● Work instructions:
Your task is to restate the listing word for word without the pictures.

● Exercise material:
• • • •

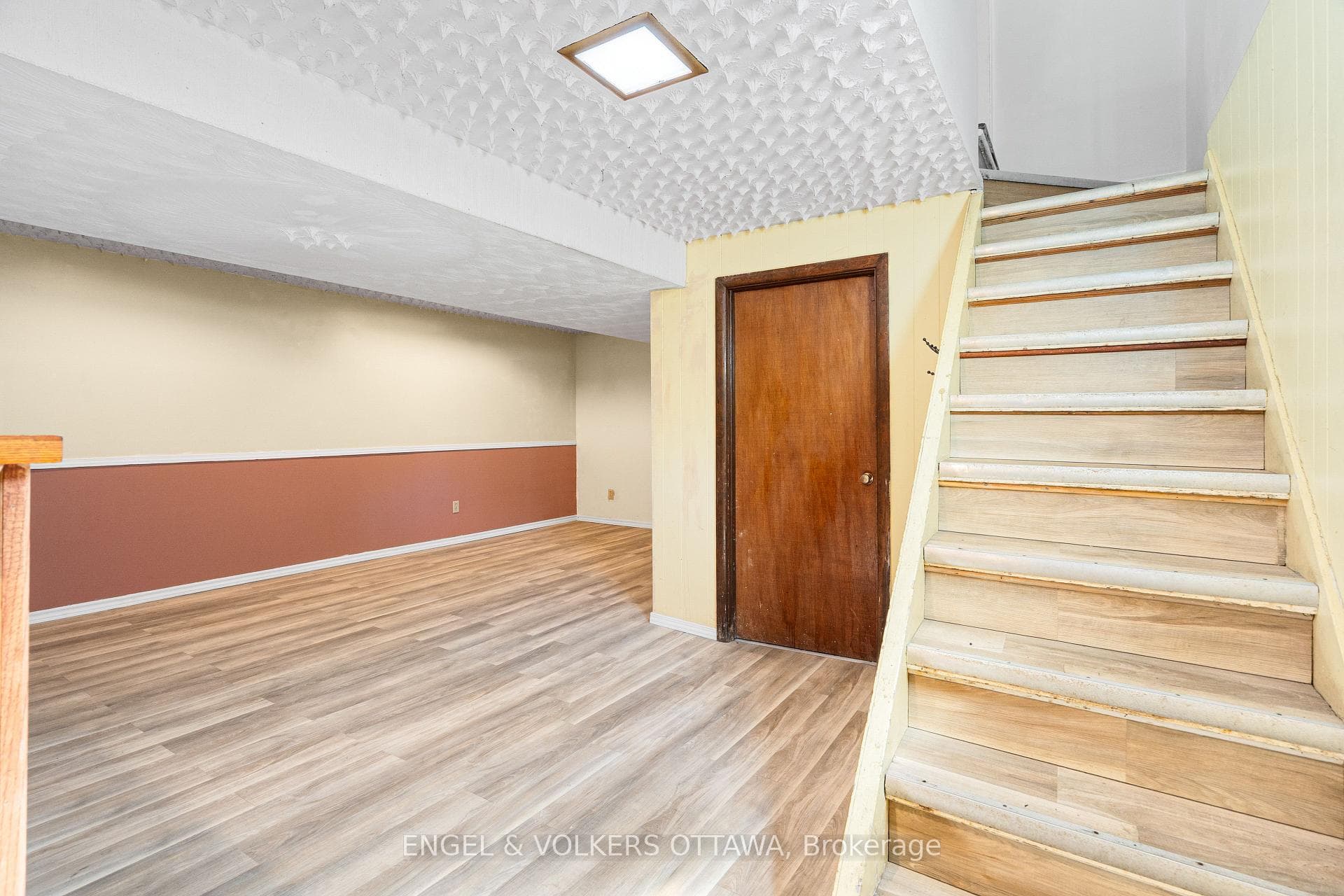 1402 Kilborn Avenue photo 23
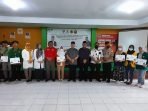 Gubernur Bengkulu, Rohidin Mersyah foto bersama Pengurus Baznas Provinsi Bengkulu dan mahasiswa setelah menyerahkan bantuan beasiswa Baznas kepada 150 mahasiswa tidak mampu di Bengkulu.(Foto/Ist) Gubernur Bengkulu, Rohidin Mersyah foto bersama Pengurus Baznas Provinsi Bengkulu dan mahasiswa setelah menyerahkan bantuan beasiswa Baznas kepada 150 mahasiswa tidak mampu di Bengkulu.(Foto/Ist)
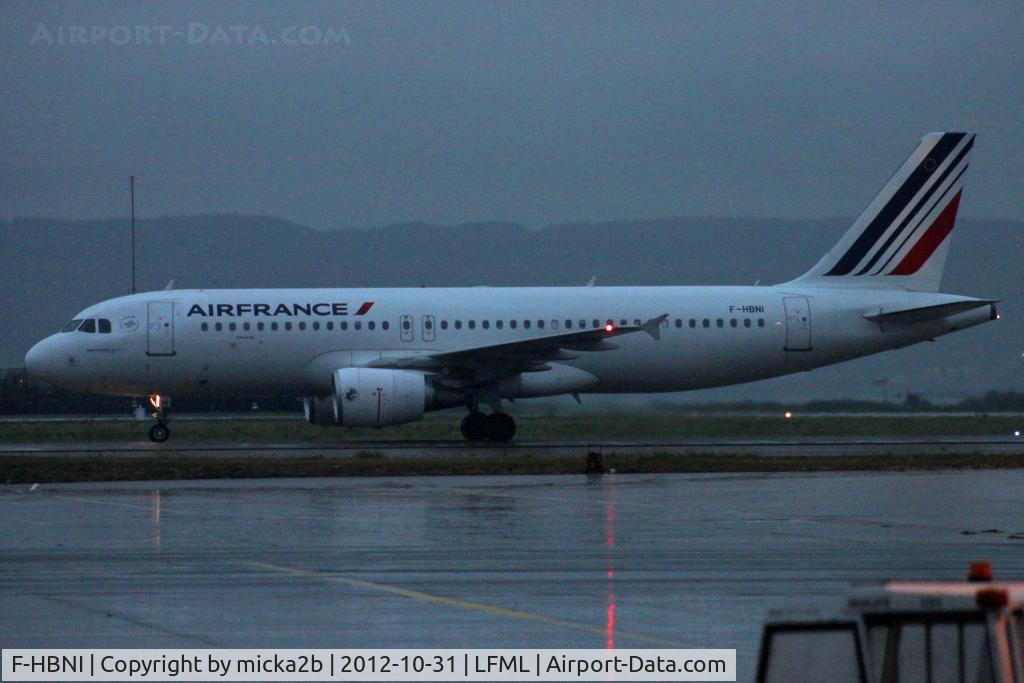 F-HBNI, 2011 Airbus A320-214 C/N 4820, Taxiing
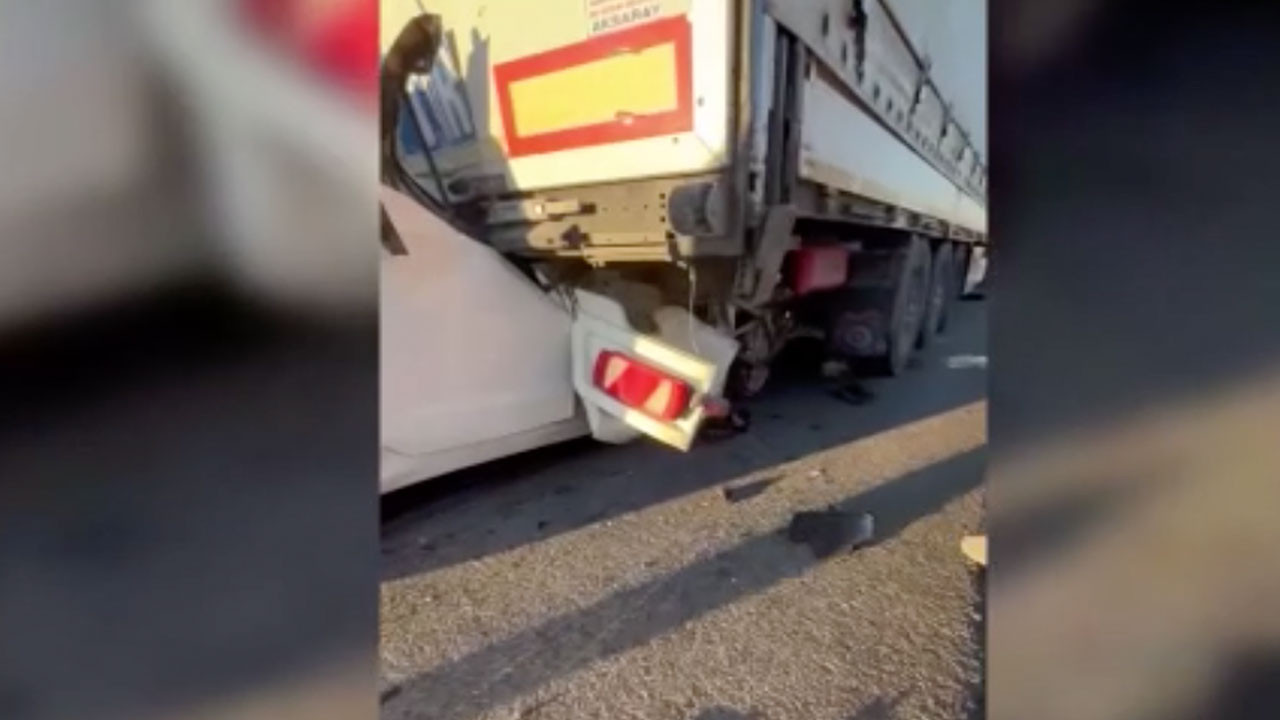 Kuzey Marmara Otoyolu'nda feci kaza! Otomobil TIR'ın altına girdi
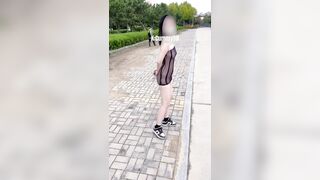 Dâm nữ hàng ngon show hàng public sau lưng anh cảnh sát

• • • •

● Response:
 1402 Kilborn Avenue photo 23
 Gubernur Bengkulu, Rohidin Mersyah foto bersama Pengurus Baznas Provinsi Bengkulu dan mahasiswa setelah menyerahkan bantuan beasiswa Baznas kepada 150 mahasiswa tidak mampu di Bengkulu.(Foto/Ist) Gubernur Bengkulu, Rohidin Mersyah foto bersama Pengurus Baznas Provinsi Bengkulu dan mahasiswa setelah menyerahkan bantuan beasiswa Baznas kepada 150 mahasiswa tidak mampu di Bengkulu.(Foto/Ist)
 F-HBNI, 2011 Airbus A320-214 C/N 4820, Taxiing
 Kuzey Marmara Otoyolu'nda feci kaza! Otomobil TIR'ın altına girdi
 Dâm nữ hàng ngon show hàng public sau lưng anh cảnh sát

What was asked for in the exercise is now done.